I have been collecting metrics using the plugin for a few months, but I have not found any of the metrics to be useful for identifying when my nodes are failing (in various ways). The #1 thing I want to know is “is puppet applying successfully on this node”, and I can’t seem to figure out how to discern that from these metrics.
I could add an exec bash script to manually grep the log file for “Error” but if I can’t see this in the data, what the heck do people use puppetagent for? I think the information must be there and I’m just not seeing it.
I’m not a puppet user, so I’m not sure this will be helpful, but what if you monitor the various failure related measurements such as puppetagent_resources_failed or puppetagent_resources_failedtorestart for non-zero values?
This was my original intention, but unfortunately these metrics do not work as well as it seems they would. There are several ways a node can fail
I have done a number of tests trying to find a good way to see which nodes are failing but I am no less confused about how to make sense of these different metrics.
Regarding those specific metrics:
Over the last 3 months I have only one node (out of ~20) that reported a puppetagent_resources_failedtorestart > 0 and I believe these were from some puppet exec scripts hitting a timeout.
puppetagent_resources_failed seems pretty nice but it is weirdly inconsistent.
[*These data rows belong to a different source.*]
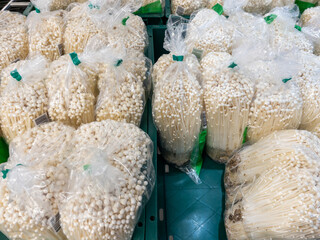 Fresh Enoki Mushrooms in Market Display.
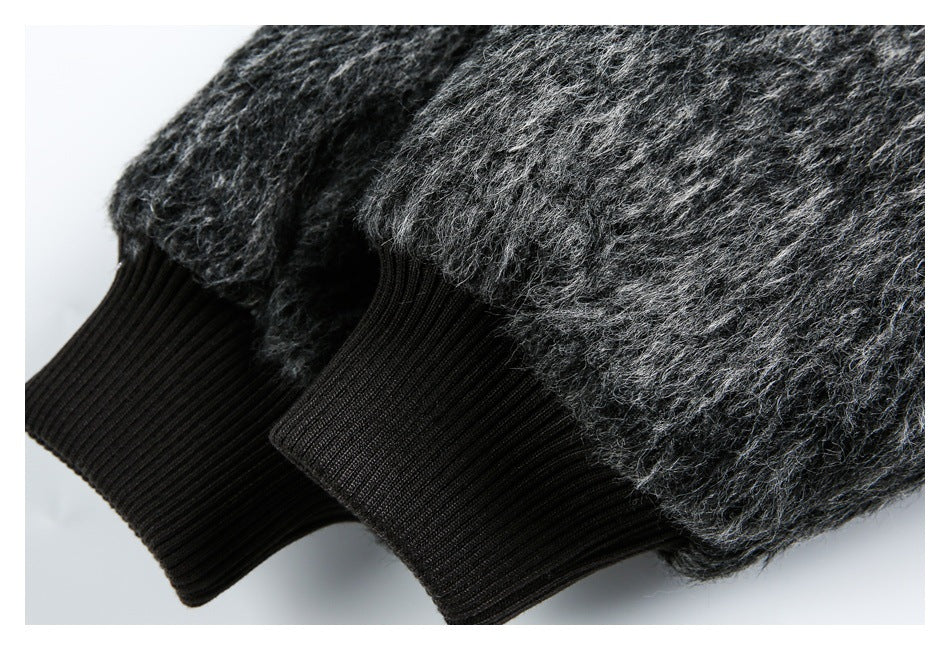 Close-up of two black ribbed cuffs attached to the fuzzy charcoal sleeves of a garment.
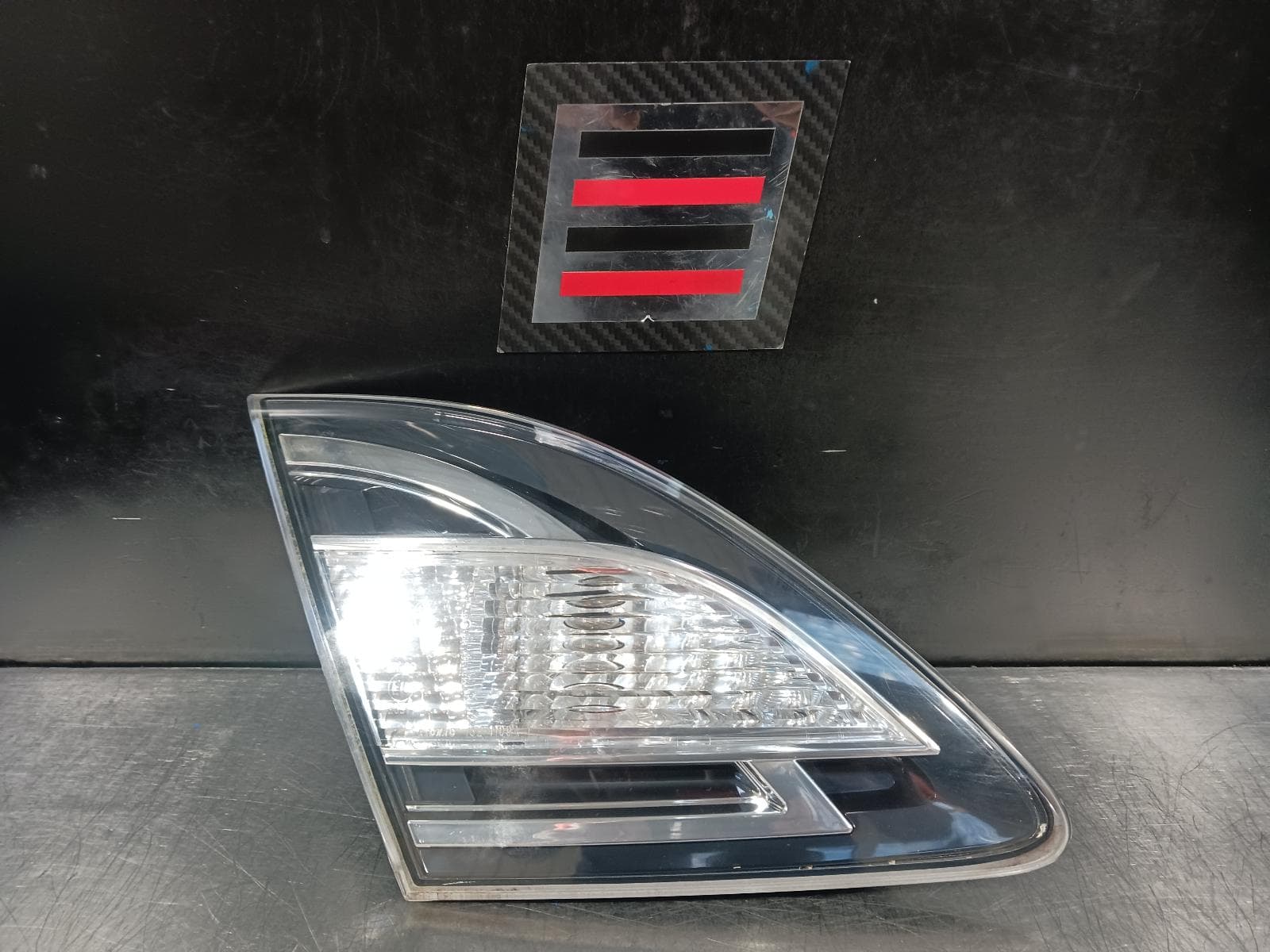Used auto part listing image: 2011 MAZDA 6 REAR GARNISH TAILGATE LAMP (LH SIDE), GH, WAGON, NON RED INSERT TYPE, 03/10-11/12 0000218210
It does catch some types of errors, but other times I will ssh into a node with this metric > 0, run puppet agent -t, find no errors, go back to my monitoring dash and find that the node no longer reports an error (very frustrating).
I have at least two nodes failing right now (due to 500 errors (not resource failures)) and I think a few others which have not applied my latest changes to my puppet config (probably also failing), but I can’t see this in the data.
You could check the /var/lib/puppet/state/last_run_summary.yaml file that is used for the source of this data. Maybe it is not being updated properly, perhaps check its modification time?
other times I will ssh into a node with this metric > 0, run puppet agent -t, find no errors, go back to my monitoring dash and find that the node no longer reports an error
I wonder if this could be a caused by using the wrong aggregation function, what query are you using to display the errors?
Since I am still figuring this out my basic approach is to look at all the plots of *.-opt-puppetlabs-puppet-cache-state-last_run_summary_yaml.puppetagent.* ( graphite backend ).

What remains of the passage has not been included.